Your SHL OPQ32 results are not a pass-or-fail number. They are a set of sten scores, a 1-to-10 scale, one for each of the 32 traits, that a recruiter reads against the role's target profile. A sten of 5 or 6 is average, 1 to 3 is low, and 8 to 10 is high, and no single trait is "good" or "bad" on its own. The whole point of reading your results is to understand which traits you scored high and low on, and whether that pattern matches what the job actually rewards. This guide shows you how to read the Profile Chart, what each sten band means, what the employer's report actually says, and how to turn all of it into a calmer, better-aimed answer next time.
If you want the full background on what the OPQ32 is, the three domains, the forced-choice format, and the six report types, our SHL OPQ explained guide covers that end to end. This page is the companion: it assumes you know what the test is and focuses only on reading and interpreting the results.
Quick takeaways
- OPQ32 results are reported as sten scores, a standardized 1-to-10 scale, one per trait.
- A sten of 5 to 6 is average, 1 to 3 is low, 8 to 10 is high, per SHL's scoring convention.
- There is no pass mark. Your profile is compared to the role's target, not a cutoff.
- The Profile Chart is the one-page visual of all 32 stens the recruiter scans first.
- Recruiters rarely read all 32 raw traits. They read a narrative or competency report built from them.
- The extremes matter most. A sten of 1 or 10 stands out far more than a cluster of 5s.
What a sten score actually is
A sten (short for "standard ten") converts your raw answers into a 1-to-10 score against a norm group, so your result is always relative to other people, not an absolute count. The scale is roughly bell-shaped: most people land in the middle, and the ends are rare.
| Sten band | Label | Where you sit | How the recruiter reads it |
|---|---|---|---|
| 1 to 3 | Low | Bottom ~16 percent | A clear, defining low on this trait |
| 4 | Below average | Lower-middle | Mildly below the norm |
| 5 to 6 | Average | The middle ~38 percent | Typical, unremarkable |
| 7 | Above average | Upper-middle | Mildly above the norm |
| 8 to 10 | High | Top ~16 percent | A clear, defining strength on this trait |
The practical takeaway: a sten of 5 or 6 tells the recruiter almost nothing distinctive. The scores that shape their read are the highs (8 to 10) and lows (1 to 3), because those are the traits that genuinely define how you work. When you look at your own results, read the extremes first.

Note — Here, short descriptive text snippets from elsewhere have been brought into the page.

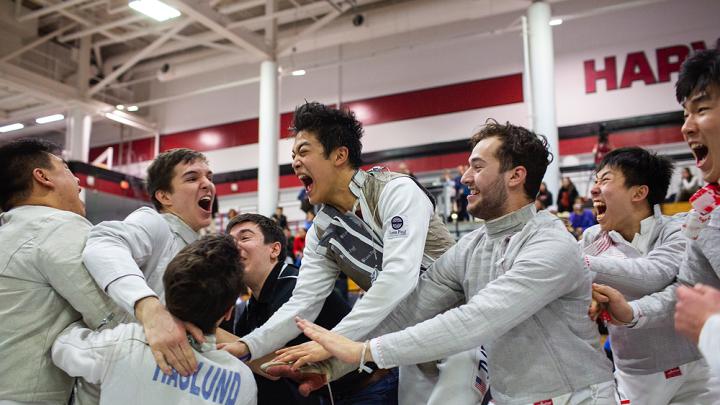 The Harvard men celebrate their championship win.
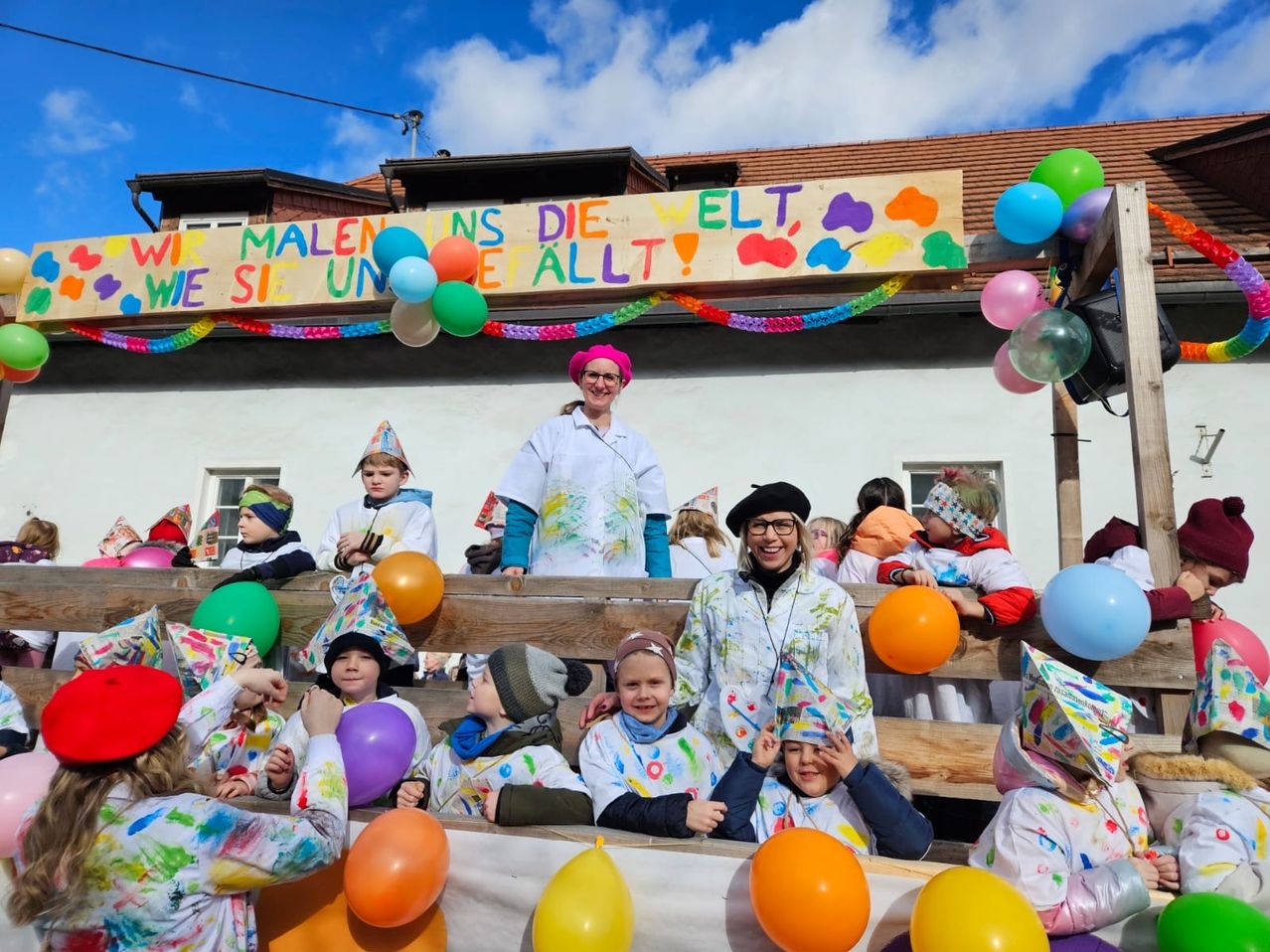 Eine Gruppe von Kindern in bunt bemalten Klamotten und Mützen sitzt auf einer Holzbank und hält Luftballons. Eine Frau steht hinter ihnen, ebenfalls in einer bemalten Kleidung und lächelt. Ein Banner mit einer Regenbogenfarbenpalette und einer Botschaft hängt über ihnen.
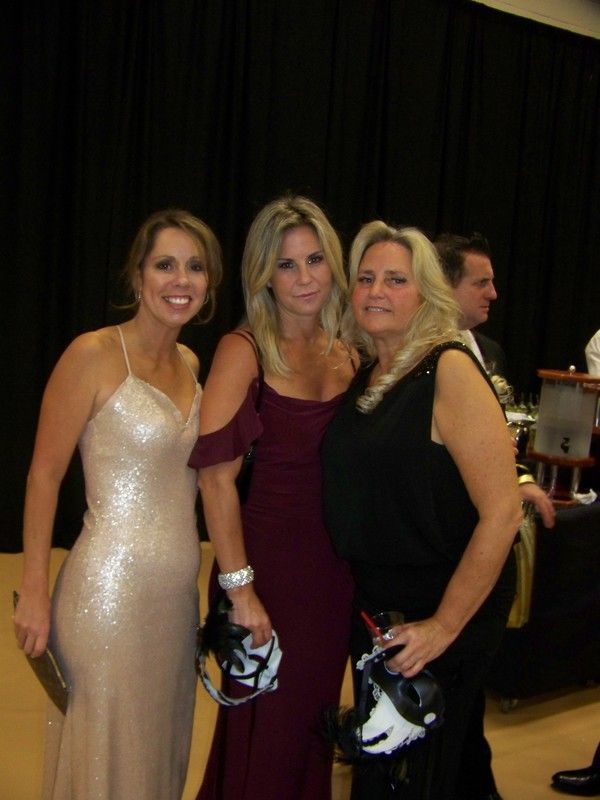 Three women in formal dresses pose, holding helmets. One in a sequined gown, one in burgundy, one in black. Dark background.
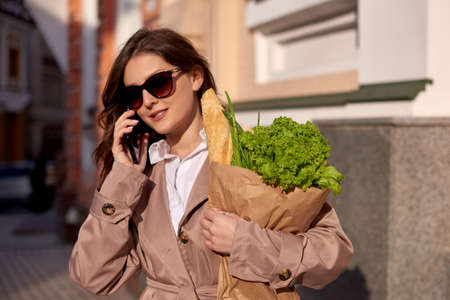 young woman talking on phone and holding a package of groceries in her hands walking down the streetの写真素材
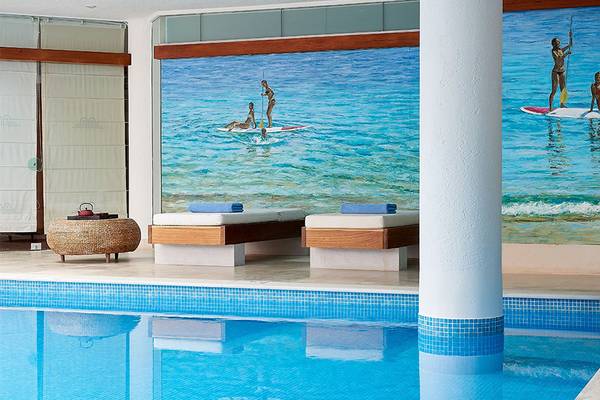 Poolbereich im St. Nicolas Bay Resort Hotel & Villas mit Strandmural und Loungesofas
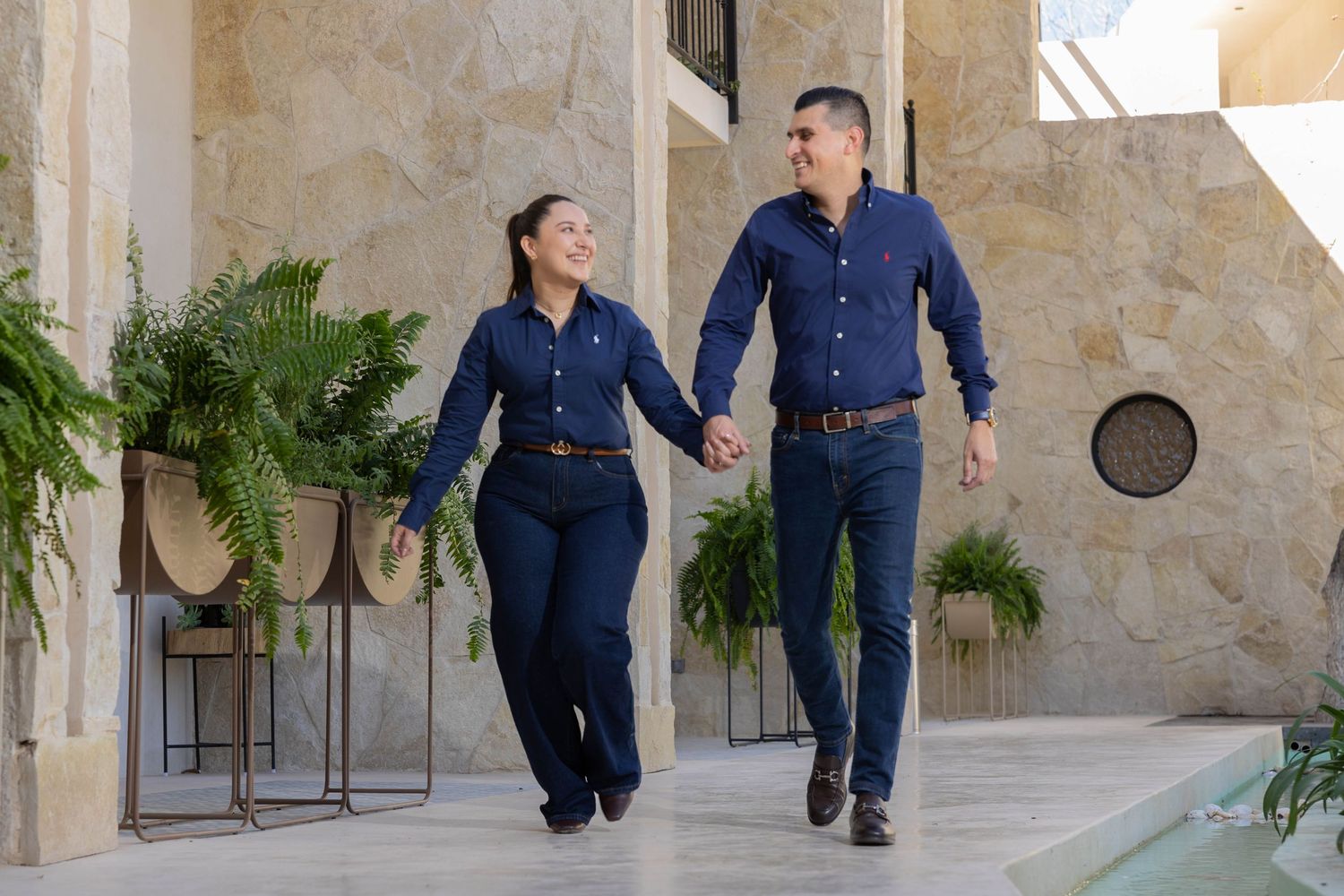 A couple in navy blue outfits running and playing together along a stone corridor with arches.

How to read the Profile Chart
The Profile Chart is the one-page visual SHL generates: all 32 traits listed down the side, each with a horizontal bar showing your sten from 1 to 10. It is what a recruiter scans first at the screening stage. To read yours, do three passes.
Pass one: the highs. Find every trait at sten 8, 9, or 10. These are your defining strengths. If Persuasive and Outgoing are both high, you read as a natural influencer. If Detail Conscious and Conscientious are high, you read as a careful, thorough operator.
Pass two: the lows. Find every trait at sten 1, 2, or 3. These are equally defining. A low Relaxed (which means high tension) or a low Democratic (you prefer to decide alone) tells the recruiter as much as any high.
Pass three: the shape by domain. Step back and see which of the three domains, Relationships, Thinking Style, or Feelings and Emotions, holds most of your extremes. That domain shape is what the role profile is matched against.
What each sten band signals for a trait
The same sten means different things depending on the trait, because the label at each end differs. Here are four common traits read across the scale.
| Trait | Low sten (1 to 3) reads as | High sten (8 to 10) reads as |
|---|---|---|
| Persuasive | Prefers not to push a view | Actively influences and sells ideas |
| Data Rational | Decides on feel and judgment | Relies on numbers and hard data |
| Relaxed | Tense, feels pressure keenly | Calm and even under pressure |
| Democratic | Decides independently | Consults widely before deciding |
Neither end is better in the abstract. A high Persuasive is a strength for a sales role and a possible flag for a heads-down research role. This is why "what is a good sten score" has no fixed answer: good depends entirely on the trait and the job.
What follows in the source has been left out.